Discover New Zealand, Home of Middle Earth
Tuesday, Day 2, and we are up at 5:30 in the morning in our Kiwi Camp, our biorhythms under the impression that it's almost lunch time. We decided to hit the road and take the excellent NH 1 motorway (which Stefanie promptly dubbed "Interstate 1") south to Pokene, where we turned west to try to find Port Waikato and the location of Weathertop, where the hobbits were attacked by Black Riders and Frodo was stabbed by one of them with a Morgul blade. After driving around for a while, we figured we had probably seen it a couple of times without, of course, the sets or camp fire.
The roads there wind around the mountains and go from sealed (paved) to gravel to dirt to sheep trails and eventually take you back to where you started. We got lost several times.  Stefanie just about had a heart attack sitting in the left side with trees and things whipping by and nothing to push on or steer with.

In spite of the fact that there are sheep on the road, the speed limit in the entire area is 100 kph (60 mph), so if you have the nerve to do it, it's legal. I didn't!

Our next stop was Matamata and the Hobbiton tour. I had talked to Sue Whiting at the information center before the tours began, so I was interested to see what they had accomplished at the information site. We arrived there just after the noon tour left, so we had time for lunch before taking the 3:00 tour of the site of "The Hill" where Bilbo, Frodo and Sam lived.
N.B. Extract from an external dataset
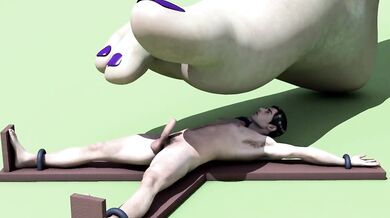 'Busty Bitches in Dreamland - The Animated Adventure: Part 3'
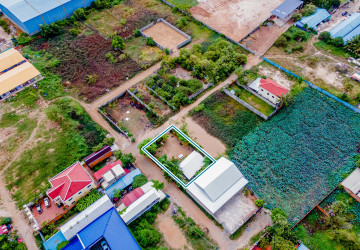 600 Sqm Land For Sale - Sen Sok, Phnom Penh thumbnail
For some reason, I had expected a thatched roof. I'm almost sure I saw one on the Internet site, but I can't find it now.
Frodo and Bilbo lived in "smials," modern versions of the holes ancestral hobbits lived in.  The sets at Hobbiton were almost completely dismantled before the family that owns the land decided to make money by allowing people to visit there. We were told that the original contract was to completely restore the land. I would have insisted that New Line Cinema make all the sets complete with authentic little hobbit-sized apartments so people could actually visit Bilbo's home.
The party tree is one of the things you first notice (besides the sheep, of course) when you reach the farm, and the tour has posted photos all around the site, showing what it looked like during filming. The tour guides do a very good job of describing the site and all that went into making the film. A "must get" photo is the party tree looking out "Bilbo's door." Stefanie's photo of it turned out much better than mine.
I got my chance to have my picture taken next to the actual party tree. In the book it was cut down by Sharkey's men. Sam replaced it with a Mallorn from a seed that Galadriel had given him along with a box of dirt for his "bit of garden."

The set builders built the set and then waited a year for everything to "grow in," so it would look like a real place, and not like a movie set.  It must have been the most wonderful place on earth!  It really is too bad they didn't just leave it as it was.  Frodo must have felt much as we did when he saw what Sharkey's men had done to his beloved Shire. 

The Hobbiton tour was very well done, and we were glad we had made it. Over 5000 people had been there before us.  Nevertheless, we left for Taupo with a bit of nostalgia, remembering Hobbiton as it once was. Maybe some millionaire will buy the farm and restore it. They told Walt Disney he was crazy to build Disneyland, and look what happened!